Produziram e inscreveram ilustrações. Houve também, pela primeira vez, uma
premiação com brindes a um concurso de cosplay (fantasia) e uma oficina com
quatro professores voltados ao ensino da construção e narrativa, arte-final,
colorização e fanzine (professores Leno Jefferson, Francilon Carvalho Barros,
Esaul Furtado e Bernardo Aurélio). A 6ª F-HQ ainda teve um Live Action (jogo de
interpretação ao vivo) com grande participação de jogadores organizado pela
Associação de RPG de Teresina – ARTE. Tiveram duas palestras, a primeira sobre
o que é RPG e a ARTE, com Luiz Mário e Virgílio, e a segunda sobre a História
dos Fanzines Piauienses, de minha autoria. Foi lançada a edição nº 0 de O
Besouro, dos alunos de artes da Universidade Federal do Piauí – UFPI.

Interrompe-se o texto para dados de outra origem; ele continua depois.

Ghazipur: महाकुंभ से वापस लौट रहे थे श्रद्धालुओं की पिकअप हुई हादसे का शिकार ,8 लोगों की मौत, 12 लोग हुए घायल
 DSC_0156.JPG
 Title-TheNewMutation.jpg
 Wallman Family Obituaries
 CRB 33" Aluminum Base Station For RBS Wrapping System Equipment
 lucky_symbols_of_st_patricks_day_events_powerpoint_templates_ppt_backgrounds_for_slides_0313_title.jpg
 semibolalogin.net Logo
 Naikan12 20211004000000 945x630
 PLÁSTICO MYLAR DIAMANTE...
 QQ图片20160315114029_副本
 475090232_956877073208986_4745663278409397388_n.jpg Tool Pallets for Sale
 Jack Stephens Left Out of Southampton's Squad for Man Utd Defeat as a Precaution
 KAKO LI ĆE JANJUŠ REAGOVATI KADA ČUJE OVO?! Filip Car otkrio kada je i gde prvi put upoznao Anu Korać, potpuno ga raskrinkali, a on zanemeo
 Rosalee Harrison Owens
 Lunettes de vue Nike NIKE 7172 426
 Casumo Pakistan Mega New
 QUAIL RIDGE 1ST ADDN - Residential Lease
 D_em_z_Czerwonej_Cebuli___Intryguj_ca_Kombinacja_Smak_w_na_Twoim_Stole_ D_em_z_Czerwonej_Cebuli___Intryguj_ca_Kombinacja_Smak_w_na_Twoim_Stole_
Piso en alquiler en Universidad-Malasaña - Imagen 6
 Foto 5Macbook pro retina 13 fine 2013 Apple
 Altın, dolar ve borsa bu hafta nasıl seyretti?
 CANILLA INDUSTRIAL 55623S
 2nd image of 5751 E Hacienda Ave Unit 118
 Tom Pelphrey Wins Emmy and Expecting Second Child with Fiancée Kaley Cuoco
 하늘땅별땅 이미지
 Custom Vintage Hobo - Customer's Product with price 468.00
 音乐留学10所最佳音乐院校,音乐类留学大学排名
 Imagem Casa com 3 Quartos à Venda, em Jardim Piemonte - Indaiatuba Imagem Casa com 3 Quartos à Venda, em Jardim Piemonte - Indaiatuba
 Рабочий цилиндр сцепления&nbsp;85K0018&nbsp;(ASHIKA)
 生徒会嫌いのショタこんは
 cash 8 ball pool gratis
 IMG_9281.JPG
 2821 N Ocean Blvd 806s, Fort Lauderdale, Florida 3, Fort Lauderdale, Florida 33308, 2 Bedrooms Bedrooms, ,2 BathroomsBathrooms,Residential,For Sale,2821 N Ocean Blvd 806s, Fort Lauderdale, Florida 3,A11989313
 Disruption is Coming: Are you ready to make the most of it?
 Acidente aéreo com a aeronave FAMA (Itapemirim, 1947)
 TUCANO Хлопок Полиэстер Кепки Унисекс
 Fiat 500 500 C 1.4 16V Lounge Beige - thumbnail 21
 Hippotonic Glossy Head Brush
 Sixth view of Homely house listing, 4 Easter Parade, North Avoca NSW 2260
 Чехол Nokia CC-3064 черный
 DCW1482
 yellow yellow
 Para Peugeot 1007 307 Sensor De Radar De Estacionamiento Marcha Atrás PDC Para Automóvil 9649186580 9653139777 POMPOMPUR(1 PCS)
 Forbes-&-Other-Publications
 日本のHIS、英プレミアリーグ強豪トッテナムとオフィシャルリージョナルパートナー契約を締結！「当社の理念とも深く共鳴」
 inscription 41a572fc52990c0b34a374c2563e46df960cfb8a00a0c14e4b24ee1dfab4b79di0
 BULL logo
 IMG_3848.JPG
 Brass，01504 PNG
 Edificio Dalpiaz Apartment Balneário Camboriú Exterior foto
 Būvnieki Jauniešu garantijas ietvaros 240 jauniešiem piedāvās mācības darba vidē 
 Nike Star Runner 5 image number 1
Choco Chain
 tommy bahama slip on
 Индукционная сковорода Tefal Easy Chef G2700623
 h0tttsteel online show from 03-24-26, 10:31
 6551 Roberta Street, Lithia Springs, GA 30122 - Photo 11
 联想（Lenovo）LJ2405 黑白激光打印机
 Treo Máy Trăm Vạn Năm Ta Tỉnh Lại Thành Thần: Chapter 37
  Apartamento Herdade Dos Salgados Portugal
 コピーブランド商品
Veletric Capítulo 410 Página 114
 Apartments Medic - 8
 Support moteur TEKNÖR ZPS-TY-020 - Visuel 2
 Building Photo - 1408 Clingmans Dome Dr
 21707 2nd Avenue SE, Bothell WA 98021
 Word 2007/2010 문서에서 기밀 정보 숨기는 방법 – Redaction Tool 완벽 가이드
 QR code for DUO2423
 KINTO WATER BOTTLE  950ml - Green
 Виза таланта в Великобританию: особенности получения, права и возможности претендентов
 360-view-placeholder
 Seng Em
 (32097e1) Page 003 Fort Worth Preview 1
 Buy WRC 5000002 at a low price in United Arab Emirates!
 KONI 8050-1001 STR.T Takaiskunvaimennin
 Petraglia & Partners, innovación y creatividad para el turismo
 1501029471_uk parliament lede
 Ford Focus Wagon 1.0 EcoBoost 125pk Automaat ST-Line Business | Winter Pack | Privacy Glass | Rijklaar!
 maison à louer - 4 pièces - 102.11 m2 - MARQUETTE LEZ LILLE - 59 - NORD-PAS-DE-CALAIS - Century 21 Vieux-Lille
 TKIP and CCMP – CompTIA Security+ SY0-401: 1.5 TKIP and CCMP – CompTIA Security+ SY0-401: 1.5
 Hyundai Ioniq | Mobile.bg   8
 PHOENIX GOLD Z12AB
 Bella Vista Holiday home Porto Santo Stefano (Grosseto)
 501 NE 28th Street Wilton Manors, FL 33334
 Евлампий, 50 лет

A 6ª F-HQ, apesar de demonstrar muitas características
de uma organização amadora, mesmo com meia década de existência, representou
para seus produtores um novo rumo para o evento e para os quadrinhos
piauienses. É preciso ousadia e força de vontade para realizar eventos quando
se tem apenas a pouca experiência dos jovens, a falta de tempo dos estudantes e
o interesse do fã.
[1] Gualberto é um dos criadores do
Troféu HQ Mix, a mais importante prêmiação para os quadrinhos publicados no
Brasil.
[3] O Projeto “Quadrinhos na Escola”
foi divulgado no dia 12 de maio de 1999, no caderno Alternativo do jornal Meio
Norte. Aconteceu no colégio Mérito D’Martone.
[4] Só em 1999 foram lançados doze
fanzines: Kid Amba, Camafeu 1 e 2, Zona Zine 0 e ½, Seguidores de Yndico, Ócio
1 e 2, City Art, MaxxZine 1 e 73, Clam Fantasy.